Of note, most of the available optimization solvers are based on the classical approaches mentioned above. Among them, Clarabel stands out for its versatility in optimizing a wide variety of problems. However, it still faces significant challenges in areas such as MIP [
46]. Gurobi is renowned for its proficiency in MIP due to its extensive range of techniques, including simplex and IP methods. However, because it is proprietary software, it might not be able to be used in situations that require license flexibility [
47]. Mosek is efficient concerning the IP approach, but its support for MIP is relatively limited, and its aptitude for NLP remains under debate, which could be a hindrance for developers who prefer open-source solutions [
48]. Xpress specializes in solving MIP, offers conditional support for NLP, but is a closed-license alternative [
49]. In turn, SCS, leveraging its open-source status, promotes adaptability and collaborative development, although its limitations in NLP reduce its effectiveness in certain optimization areas [
50]. IPOPT excels at solving NLP problems, and its open access allows for flexibility [
51].
Now, in this multifaceted optimization environment, the integration of tools such as MATPOWER, GEKKO, and CVXPY significantly expands the available options. MATPOWER is essential for solving energy system issues and supports solvers like Gurobi, Xpress, and IPOPT for linear, mixed-integer, and nonlinear programming [
52,
53,
54]. GEKKO specializes in dynamic systems and nonlinear models, offering a holistic and open-source Python platform [
55,
56]. CVXPY is an open-source modeling language for convex optimization problems embedded in Python. It allows you to express your problems naturally, mirroring the mathematical formulation rather than conforming to the restrictive standard form required by solvers [
57,
58].
Table 1 summarizes the mentioned solvers.

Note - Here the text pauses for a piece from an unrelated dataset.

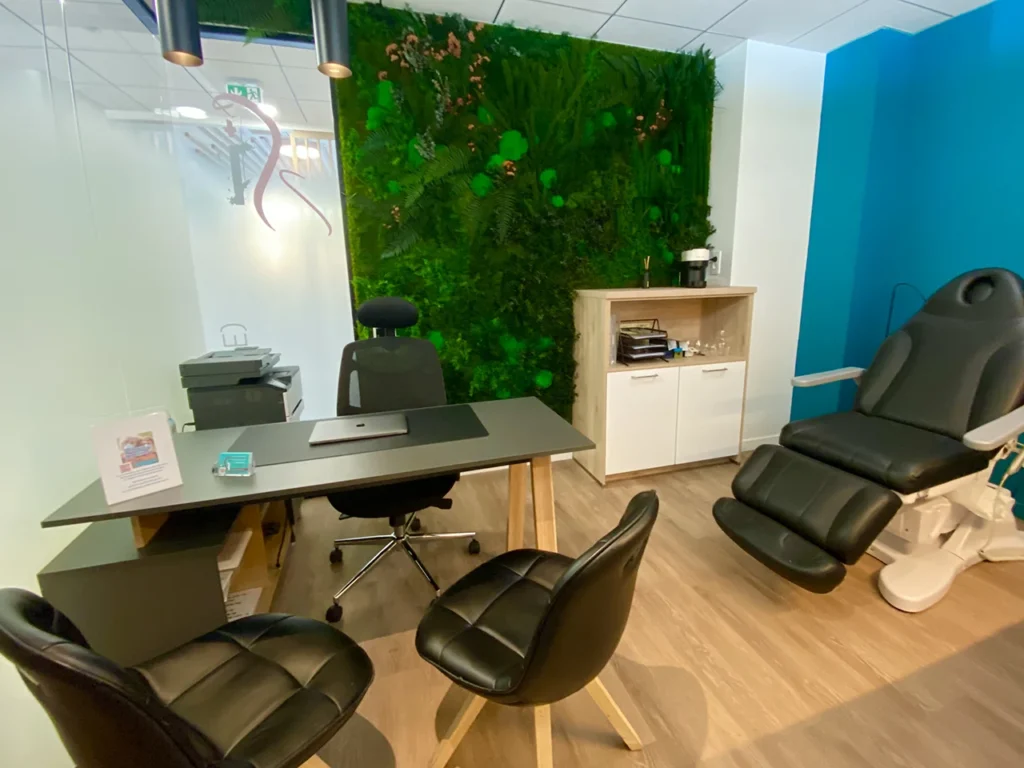 Salle de soins du Cabinet infirmier de Villefontaine, équipée pour des consultations médicales dans un environnement sécurisé et professionnel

Recently, ANNs have positioned themselves as fundamental tools in optimization by incorporating deep learning techniques, effectively addressing the complexity and non-linearities of various problems. Conventional ANNs employ supervised learning to tackle nonlinear and stochastic problems through regression tasks. To this end, historical data or solutions precomputed by specialized NOPT tools are used to train these networks [
60]. This approach enables ANNs to learn complex patterns and make accurate predictions even under significant uncertainty [
20]. Typically, ANN-based approaches utilize AD, a computational method for efficiently and accurately evaluating function derivatives. Instead of numerical or symbolic differentiation, which can have issues with accuracy and require a lot of computing power, AD breaks functions down into simple operations whose derivatives are known and uses the chain rule consistently [
21]. Thereby, AD ensures machine-level accuracy in derivative calculations and simplifies the determination of loss function gradients in relation to network parameters, enabling the use of gradient-based search with back-propagation. The work in [
61] combines quasi-Newton methods and ANNs for NOPT. Furthermore, the authors in [
60] utilize deep learning to solve optimal flow problems. Similarly, the work in [
62] introduces an integrated training technique that, while effective, requires larger neural networks and presents challenges in generalization. Concurrently, [
63] uses elastic layers and incremental training as optimization-based solvers. Furthermore, the method by [
64] combines convex relaxation with graph neural networks.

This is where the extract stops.